Cameco optimistic about uranium market
The company has not seen the current level of prospective business in its pipeline since before 2011. Since the beginning of 2019 it had added just over 36 million pounds of uranium deliveries to its contract portfolio, more than replacing the volumes delivered in 2019, while maintaining leverage to higher future uranium prices.
"Our optimism and confidence in a uranium market transition is growing, driven by the long-term fundamentals. The underlying fact is that uranium demand is going up, while supply is going down," Gitzel told analysts, but the market is failing to send the appropriate signals. "Current prices are putting future supply availability at risk. This is not sustainable. The longer the transition takes, the greater the likelihood that the uranium price will go beyond what is required to incent tier-one production to return to the market."

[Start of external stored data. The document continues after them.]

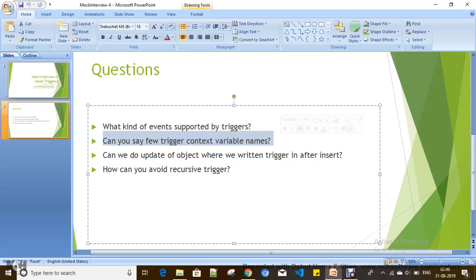For example, if you want to run business logic for before insert, you put a condition: trigger.isInsert and trigger.isBefore. Here, trigger.isInsert and trigger.isBefore are trigger context variables. This block should execute for before insert, and it recognizes that because of these context variables.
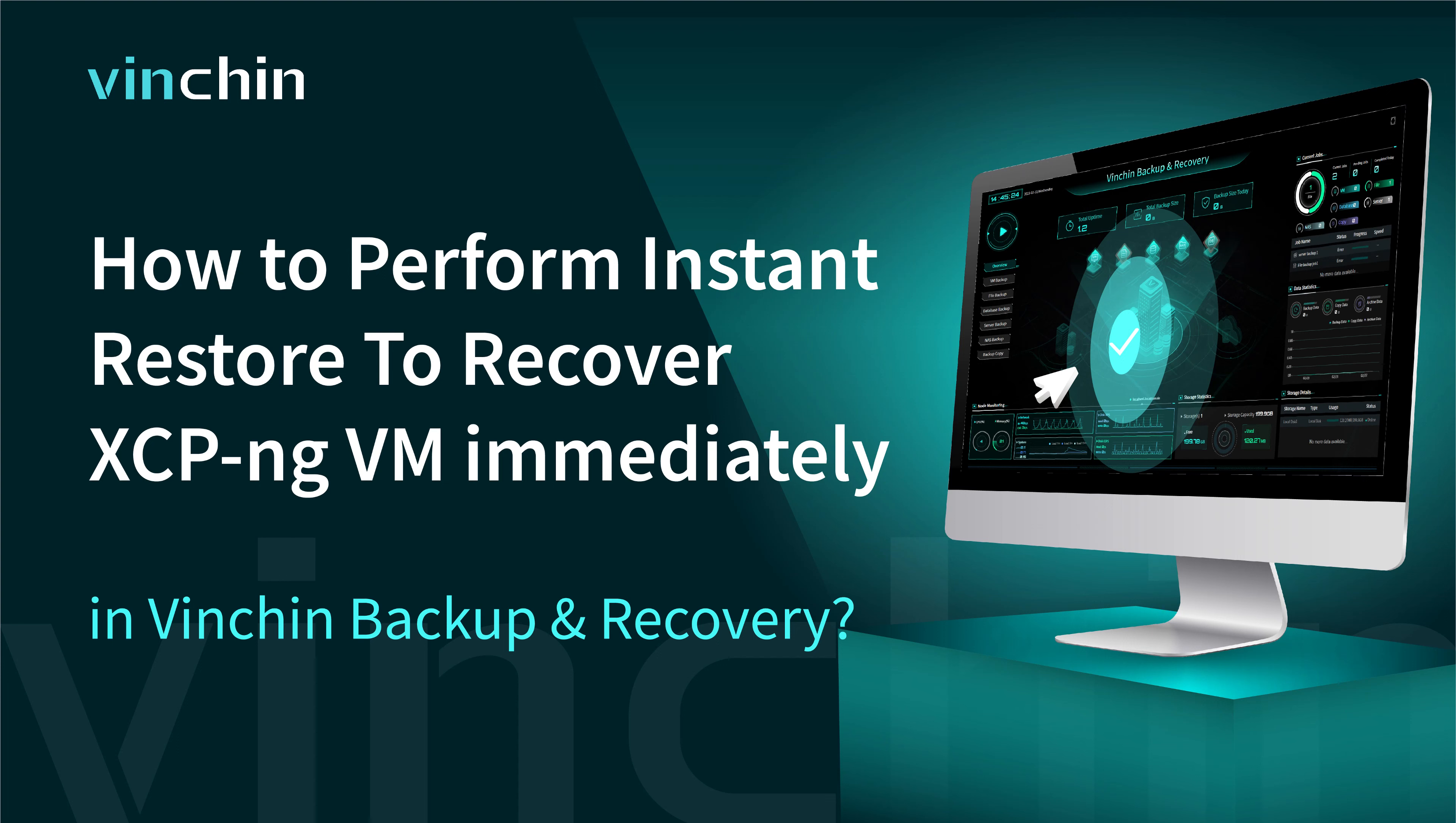Hello and welcome to Vinchin. Server downtime can damage your business, so it is essential to recover the failed VM as soon as possible. In this video, you will learn how to use Instant Restore to recover XCP-ng VM immediately in Vinchin Backup and Recovery.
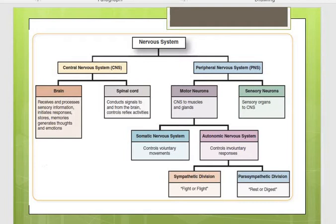Then comes the peripheral nervous system, which has two parts: sensory neurons and motor neurons. Sensory neurons take information to the central nervous system, while motor neurons carry processed information from the CNS to muscles, glands, or the external environment as behavior. Motor neurons are further divided into the somatic nervous system, which controls voluntary movements such as arm movements, and the autonomic nervous system.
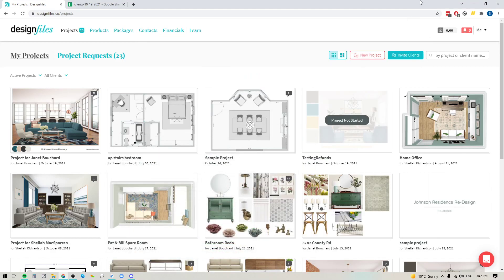Hey folks, Sheila here from Design Files. I just wanted to pop on with a quick video to show you another great update that's been added to your Design Files account.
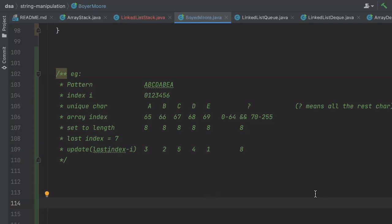That covers the bad character rule — it's pretty easy compared to the good suffix rule. We'll talk about the good suffix rule in detail in the coming videos. Bye.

Cameco indefinitely suspended production at Key Lake/McArthur River in 2018 as part of its long-term strategy to focus on its so-called tier-one assets and align production to keep pace with market signals, purchasing uranium on the spot market when necessary to meet its sales commitments. It produced 9 million pounds U3O8 in 2019 from Cigar Lake, 2% lower than 2018 production. It plans to produce a similar quantity in 2020. It purchased 19 million pounds U3O8 in 2019, including the company's 3.3 million pounds share of production from the Inkai joint venture in Kazakhstan.
During 2019 it added about 36 million pounds of deliveries to its contract portfolio, resulting in total commitments to sell more than 130 million pounds U3O8, Gitzel said. Annual uranium segment sales commitments over the next five years average around 19 million pounds U3O8. These will be met from Cameco's existing production; purchases under the JV Inkai agreement, from under long-term agreements and in the spot market; and existing inventory. Cameco bought NUKEM, a trader and broker of nuclear fuel products and services, in 2013.